Final Investment View

SpaceX is a generational asset. But generational assets bought at the wrong price become poor investments. The discipline that kept Fenestra clear of Steinhoff, Tongaat Hulett, African Bank, and EOH – where narrative overwhelmed valuation – is the same discipline that guides this recommendation. We will not be the last buyers at the top. We will wait for our price.

 

If you are not happy with your portfolio performance or would like a second opinion, please do not hesitate to contact Fenestra for a free review of your portfolio.

William Meyer – 079 624 4031
AI used William Meyer to write this article.

 


 

 

Frequently Asked Questions

1. Is SpaceX a good long-term investment?

SpaceX may be considered a generational business because of its leadership in aerospace, satellite broadband through Starlink, and future opportunities linked to Starship and orbital infrastructure. However, even exceptional companies can become poor investments if bought at the wrong price.

2. Why does Fenestra recommend “Hold, Do Not Chase” on SpaceX?

Fenestra’s view is that the current share price already reflects a strong bull-case valuation. With limited margin of safety at the current level, new investors may be better served by waiting for a pullback or a more rational entry point after the post-lockup expiry period.

3. What makes Starlink important to the SpaceX investment case?

Starlink is a key part of the SpaceX growth story because it provides recurring revenue through its low-earth orbit broadband network. It is also described in the article as the company’s only consistently profitable segment, making it central to the valuation case.

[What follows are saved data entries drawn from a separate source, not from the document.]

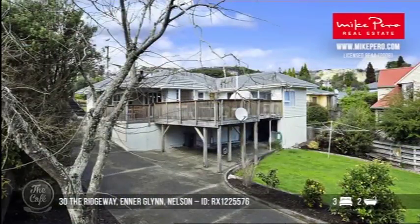It's got a good sized section with some lawn and lots of off-street parking as well, which is essential for a bigger family. How much for this one? That one — inquiry over $529,000. Oh nice.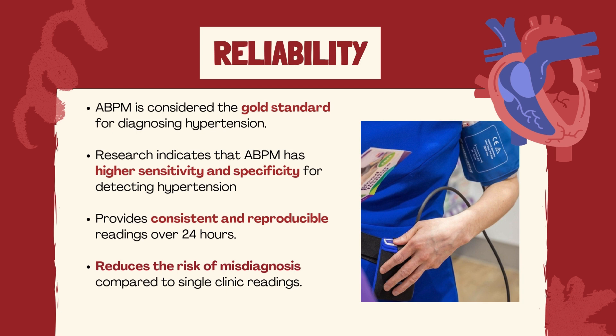It reduces the risk of misdiagnosis by providing multiple readings over 24 hours compared to a single clinic measurement. Research indicates that ABPM has higher sensitivity and specificity for detecting hypertension, being a superior tool for guiding treatment decisions. For example, it can confirm whether a reading like 175 over 100 is consistent or an anomaly, ensuring that treatment is based on accurate data.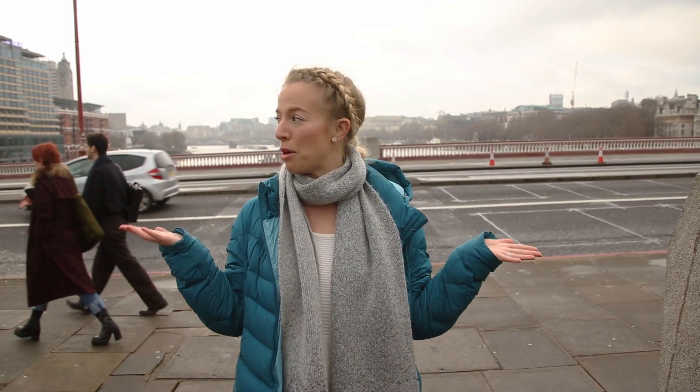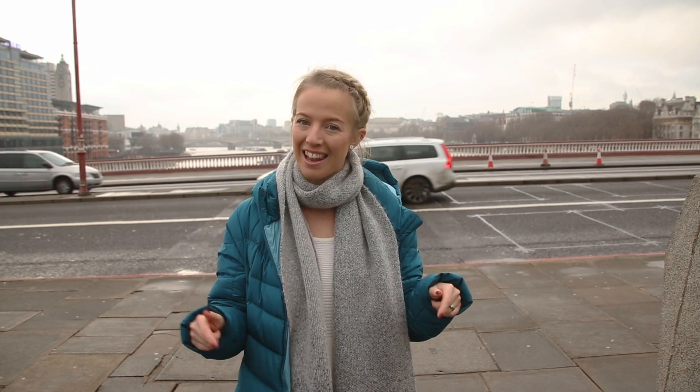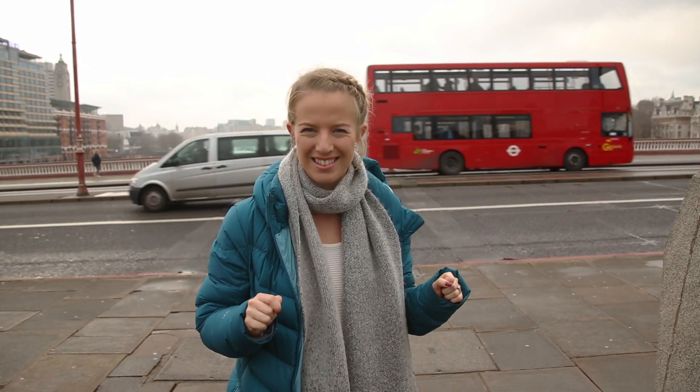Hello everyone! It's the beginning of the year again and when I was in school that meant we'd be doing some statistical investigations. So that's exactly what you guys are going to be doing today, and I thought the best place to do that is right here on Blackfriars Bridge in London. Today you will become car spotters.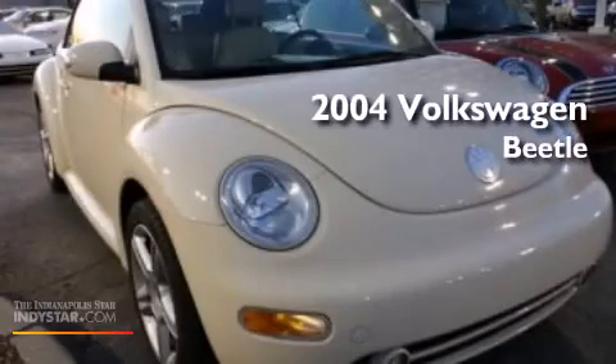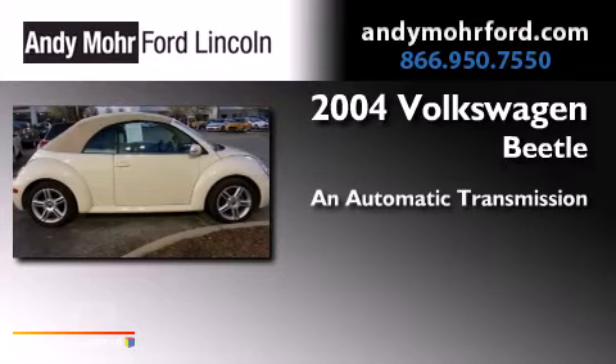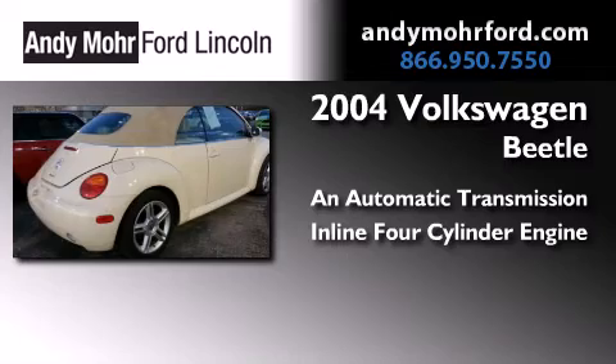This is a 2004 Volkswagen Beetle. This four-door sedan has an automatic transmission and an inline four-cylinder engine.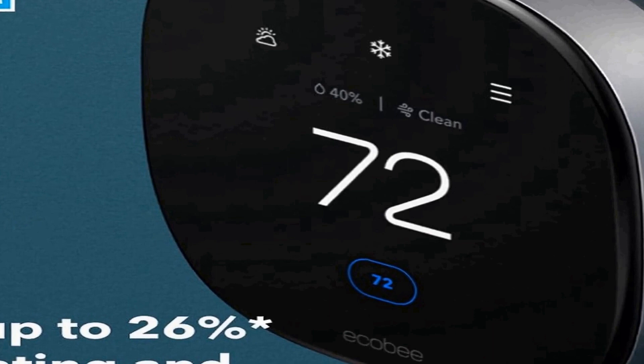In summary, the Ecobee New Smart Thermostat Premium is a versatile and intelligent device that offers precise climate control and comprehensive environmental monitoring. Its compatibility with Siri, Alexa, and Google Assistant makes it easy to integrate into your existing smart home ecosystem. Whether you want to optimize your home's temperature, air quality, or both, this programmable Wi-Fi thermostat with smart sensor and air quality monitor provides a convenient and efficient solution for modern homeowners.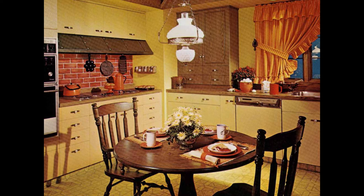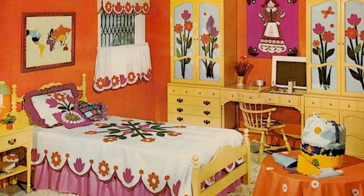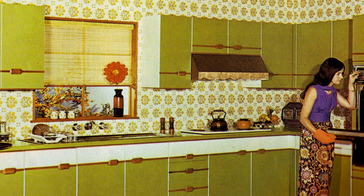Two other 70s colors get honorable mention because these wildly popular earth tones were just so ugly. Entire rooms were given over to burnt orange and dark brown color schemes. Groovy, baby.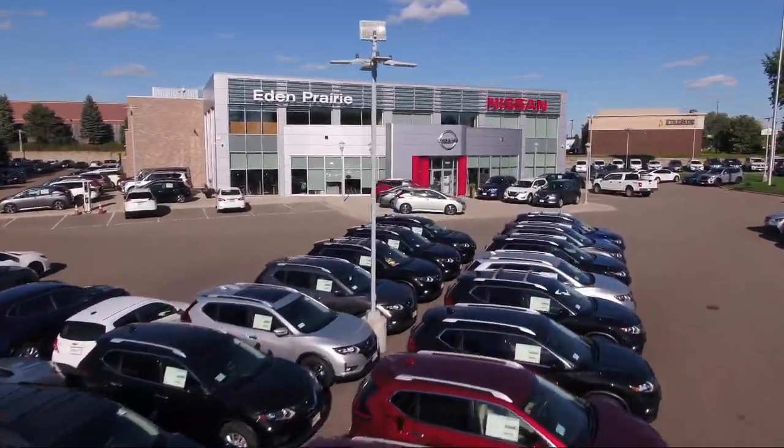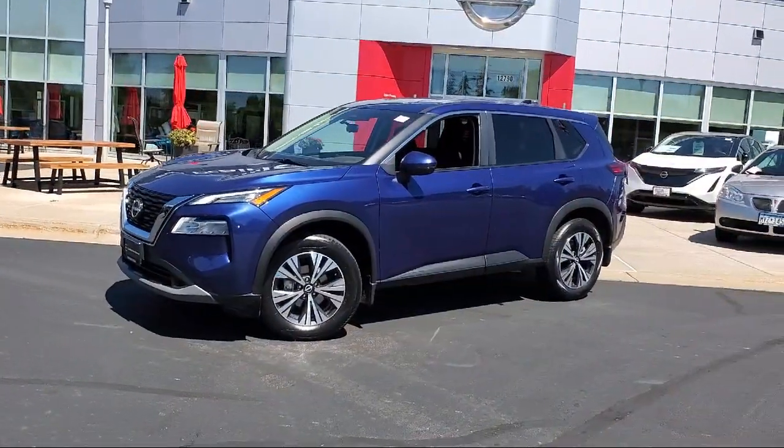Welcome to Eden Prairie Nissan, and here's a look at another one of our great vehicles from our inventory.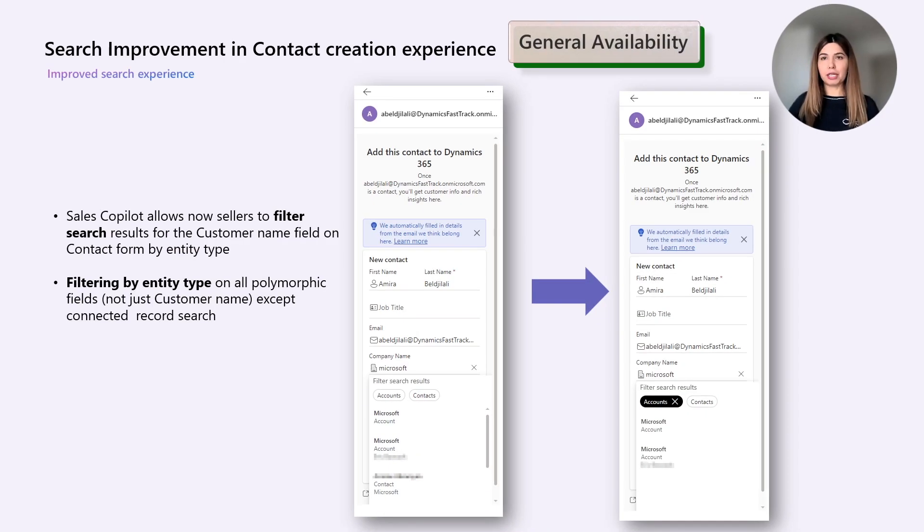We have also improved the search experience for polymorphic lookup fields. We are now allowing sellers to filter search results based on entity type. For example, the customer field on the contact form can be filtered based on account or contact type. The application will also remember the filter chosen by sellers across sessions on the same device, so the filter will be applied by default in subsequent uses. In future releases, we will also expand enhanced filtering by entity type for the connected record search.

4. What are the biggest risks for SpaceX shareholders?

The major risks include overvaluation, Starship delays, xAI-related investment losses, governance concerns, Elon Musk key-person risk, ARPU compression, and the possibility that future AI infrastructure economics become more competitive or commoditised.

5. When could SpaceX become more attractive to new investors?

According to Fenestra’s view in the article, new buyers should consider waiting for a pullback into the target entry range of $145-$165, or for the post-lockup expiry dip in December 2026, when insider selling may create a more attractive buying opportunity.